Crawled caption data
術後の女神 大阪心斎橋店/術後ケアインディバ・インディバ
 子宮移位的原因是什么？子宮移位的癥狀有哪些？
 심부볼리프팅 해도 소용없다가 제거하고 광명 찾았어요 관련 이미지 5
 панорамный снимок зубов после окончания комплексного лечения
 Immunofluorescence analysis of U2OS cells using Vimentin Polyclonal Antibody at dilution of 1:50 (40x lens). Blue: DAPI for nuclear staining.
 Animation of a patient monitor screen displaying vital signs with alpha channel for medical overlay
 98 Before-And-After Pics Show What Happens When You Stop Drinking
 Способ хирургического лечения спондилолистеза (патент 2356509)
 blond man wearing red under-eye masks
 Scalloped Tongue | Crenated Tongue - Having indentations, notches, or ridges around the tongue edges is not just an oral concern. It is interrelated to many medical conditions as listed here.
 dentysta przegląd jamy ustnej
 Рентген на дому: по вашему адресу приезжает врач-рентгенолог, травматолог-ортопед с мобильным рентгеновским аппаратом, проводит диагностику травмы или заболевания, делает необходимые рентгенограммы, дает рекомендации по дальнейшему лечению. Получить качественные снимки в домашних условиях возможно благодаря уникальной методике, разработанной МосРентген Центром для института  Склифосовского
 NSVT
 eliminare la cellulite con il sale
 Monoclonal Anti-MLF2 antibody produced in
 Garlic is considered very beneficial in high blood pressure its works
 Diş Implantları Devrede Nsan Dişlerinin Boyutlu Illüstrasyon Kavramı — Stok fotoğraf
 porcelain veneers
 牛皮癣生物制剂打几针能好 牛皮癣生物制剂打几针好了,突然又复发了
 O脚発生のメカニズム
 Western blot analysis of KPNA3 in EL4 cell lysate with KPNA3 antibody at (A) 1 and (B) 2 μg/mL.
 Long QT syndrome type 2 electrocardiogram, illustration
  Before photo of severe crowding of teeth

_What you will do_: Your output should be the lines from the one with "eliminare la cellulite con il sale" through the last line of the entries above, copied exactly and nothing more.

_Solved exercise_:
 eliminare la cellulite con il sale
 Monoclonal Anti-MLF2 antibody produced in
 Garlic is considered very beneficial in high blood pressure its works
 Diş Implantları Devrede Nsan Dişlerinin Boyutlu Illüstrasyon Kavramı — Stok fotoğraf
 porcelain veneers
 牛皮癣生物制剂打几针能好 牛皮癣生物制剂打几针好了,突然又复发了
 O脚発生のメカニズム
 Western blot analysis of KPNA3 in EL4 cell lysate with KPNA3 antibody at (A) 1 and (B) 2 μg/mL.
 Long QT syndrome type 2 electrocardiogram, illustration
  Before photo of severe crowding of teeth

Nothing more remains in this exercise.